Change in the market is constant. The very essence of every human action is change. As individuals act, their subsequent actions (including their valuations) change. For this reason,
Thomas Taylor notes, “...the dynamic market process should be examined; not the static condition of equilibrium.”

So, the term “free market” means nothing more than a process of events in which interacting humans are uninhibited from acting purposefully based on their independent subjective valuations. In any uncoerced exchange between humans (i.e. humans interacting in an unhampered market), both individuals exchange the goods and services they view as less important for goods and services they view as more important for their needs. Based on their subjective valuations, they are both better off.

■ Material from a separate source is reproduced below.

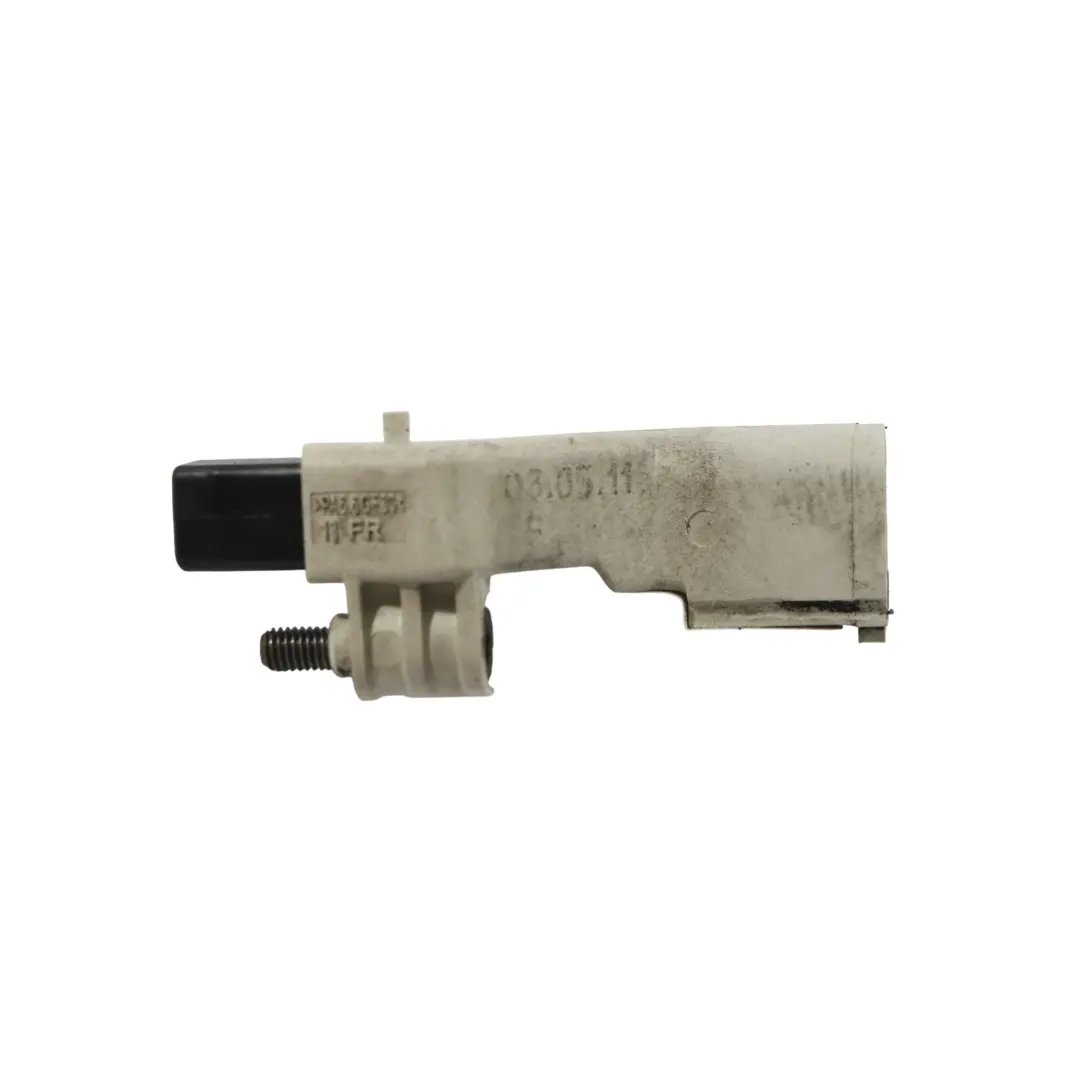 Sensore Impulsi Albero Motore per Audi TT 8J TFSI TSI TDI con numero di parte 03C906433E Audi TT 8J TFSI TSI TDI Sensore Impulsi Albero Motore - SKU 03C906433E - Numero di parte 03C906433E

A “controlled market” or “market intervention” refers to economies where forces outside of the naturally occurring market interfere with the choices and actions of individual human actors. But can coercive market intervention ever satisfy the needs and wants of consumers more than a free market of individual human actors?
Murray Rothbardexplains:

  • [The] view [that free-market action must be brought back into optimality by corrective State action] completely misconceives the way in which economic science asserts that free-market action is ever optimal. It is optimal, not from the standpoint of the personal ethical view of an economist, but from the standpoint of the free, voluntary actions of all participants and in satisfying the freely expressed needs of the consumers. Government interference, therefore, will necessarily and always move away from such an optimum.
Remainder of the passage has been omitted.